4. In the absence of any agreement:
(a) within 21 days, the first respondent file and serve an affidavit constituting a Costs Summary in accordance with paragraphs 4.10 to 4.12 of the Court’s Costs Practice Note (GPN-COSTS);
(b) within a further 14 days, the appellants file and serve any Costs Response in accordance with paragraphs 4.13 to 4.14 of the Costs Practice Note (CPN-COSTS); and
(c) in the absence of any agreement having been reached within a further 14 days, the matter of an appropriate lump sum figure for the first respondent’s costs be referred to a Registrar for determination.

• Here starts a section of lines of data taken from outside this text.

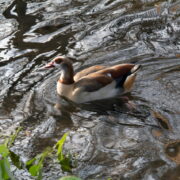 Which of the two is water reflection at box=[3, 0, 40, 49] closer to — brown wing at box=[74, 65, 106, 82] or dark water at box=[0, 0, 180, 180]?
dark water at box=[0, 0, 180, 180]

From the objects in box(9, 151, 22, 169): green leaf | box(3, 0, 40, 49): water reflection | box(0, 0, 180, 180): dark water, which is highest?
box(3, 0, 40, 49): water reflection

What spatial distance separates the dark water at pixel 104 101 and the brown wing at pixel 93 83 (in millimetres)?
281

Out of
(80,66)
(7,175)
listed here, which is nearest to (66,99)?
(80,66)

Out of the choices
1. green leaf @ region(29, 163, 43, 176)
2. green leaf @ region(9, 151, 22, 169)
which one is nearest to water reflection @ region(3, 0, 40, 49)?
green leaf @ region(9, 151, 22, 169)

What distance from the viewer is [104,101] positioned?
27.7ft

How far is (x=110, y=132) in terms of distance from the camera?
23.4ft

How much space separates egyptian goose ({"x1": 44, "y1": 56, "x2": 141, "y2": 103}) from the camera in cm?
834

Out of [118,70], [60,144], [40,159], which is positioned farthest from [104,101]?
[60,144]

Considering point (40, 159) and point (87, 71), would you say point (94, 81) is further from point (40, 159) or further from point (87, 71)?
point (40, 159)

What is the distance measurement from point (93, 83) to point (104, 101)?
0.37m

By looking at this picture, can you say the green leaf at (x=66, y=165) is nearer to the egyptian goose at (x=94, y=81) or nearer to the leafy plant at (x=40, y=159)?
Answer: the leafy plant at (x=40, y=159)

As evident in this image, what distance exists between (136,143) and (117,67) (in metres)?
2.15

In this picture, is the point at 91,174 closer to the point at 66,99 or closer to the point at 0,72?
the point at 66,99

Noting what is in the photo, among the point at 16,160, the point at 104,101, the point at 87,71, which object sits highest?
the point at 16,160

Note: Entry of orders is dealt with in Rule 39.32 of the Federal Court Rules 2011.
THE COURT:
Introduction
1 The appellants are an unmarried couple and their daughter. They applied for a Protection (Class XA) visa on 21 November 2011, making a number of claims which revolved around the following facts:
(1) the parents were “underage” according to Chinese Family Planning regulations when their daughter was born;
(2) the first appellant was pregnant with a second child and would, if returned to China, be forced to have an abortion and be sterilised; and
(3) the family would face various societal pressures in their hometown in Fujian province including because their daughter would be considered “early born” and a “black child”, resulting in no entitlement to social benefits or welfare.
2 A delegate of the Minister for Immigration and Citizenship refused the grant of a visa on 30 January 2012. The Refugee Review Tribunal affirmed that decision on 26 September 2012. By the time of the Tribunal’s decision, the mother’s second child had been born (on 17 June 2012). The appellants applied to the Federal Circuit Court of Australia for judicial review of the Tribunal’s decision. That application was dismissed on 5 December 2018.

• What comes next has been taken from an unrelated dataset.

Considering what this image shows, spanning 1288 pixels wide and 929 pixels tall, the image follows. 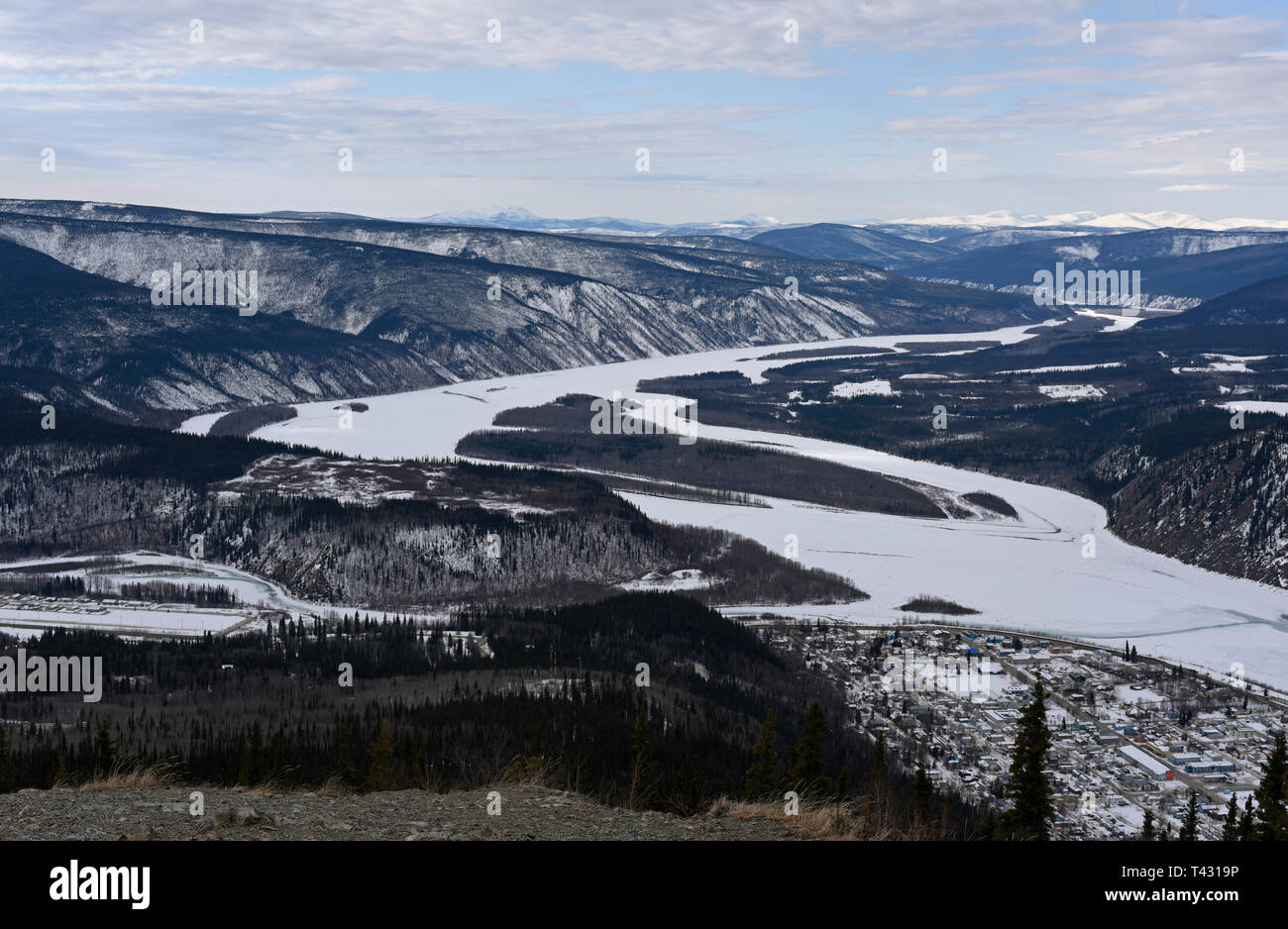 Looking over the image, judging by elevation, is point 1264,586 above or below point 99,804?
below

3 The appellants appeal to this Court from the Federal Circuit Court’s order dismissing their application for judicial review. The sole ground of review attacks the failure by that court to conclude that the Tribunal erred in a way which went to jurisdiction in the manner in which it dealt with, and decided, the mother’s claim that she had a well-founded fear of persecution arising from a risk of being forcibly sterilised.
4 For the reasons which follow, the appeal must be dismissed.

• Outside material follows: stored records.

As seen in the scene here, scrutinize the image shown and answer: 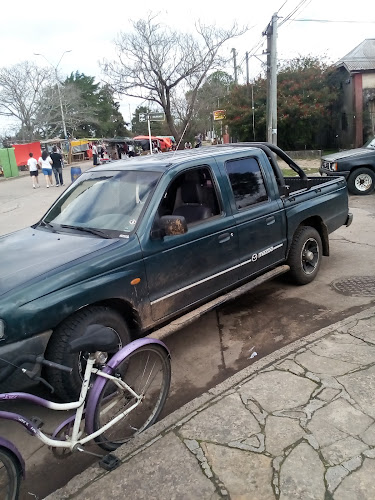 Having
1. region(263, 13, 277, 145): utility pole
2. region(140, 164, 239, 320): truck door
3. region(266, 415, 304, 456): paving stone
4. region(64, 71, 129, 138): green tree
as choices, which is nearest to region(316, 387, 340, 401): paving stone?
region(266, 415, 304, 456): paving stone

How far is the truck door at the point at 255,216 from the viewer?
13.9 feet

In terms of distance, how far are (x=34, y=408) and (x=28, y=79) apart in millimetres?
59419

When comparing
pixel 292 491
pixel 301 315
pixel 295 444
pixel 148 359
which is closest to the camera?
pixel 292 491

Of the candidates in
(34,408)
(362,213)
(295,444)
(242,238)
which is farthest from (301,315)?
(362,213)

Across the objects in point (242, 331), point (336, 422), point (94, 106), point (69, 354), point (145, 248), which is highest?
point (94, 106)

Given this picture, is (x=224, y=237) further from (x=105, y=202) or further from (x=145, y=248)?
(x=105, y=202)

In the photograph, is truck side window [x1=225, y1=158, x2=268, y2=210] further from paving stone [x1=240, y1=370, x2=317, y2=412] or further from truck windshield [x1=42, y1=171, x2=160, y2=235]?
paving stone [x1=240, y1=370, x2=317, y2=412]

The Tribunal and the Federal Circuit Court
5 In light of the narrow scope of the appeal, it is unnecessary and distracting to recount in detail the manner in which the Tribunal dealt with each of the claims made. It is not now contended that the Tribunal erred in dealing with the appellants’ claims, except the claim concerning the first appellant’s risk of forced sterilisation.
6 The Tribunal recorded at T[4] that a visa may be granted only if the decision-maker was satisfied that the prescribed criteria had been satisfied: s 65(1) of the Migration Act 1958 (Cth).
7 The Tribunal set out a lengthy review of relevant country information from T[78] to T[104]. This included a detailed analysis of “family planning policy” in China (T[79] to T[83]), “family planning in Fujian” (T[84] to T[90]), “black children” (T[91] and T[92]), “delayed marriage and childbearing” (T[93] to T[95]) and “children born out of wedlock” (T[96] and T[97]).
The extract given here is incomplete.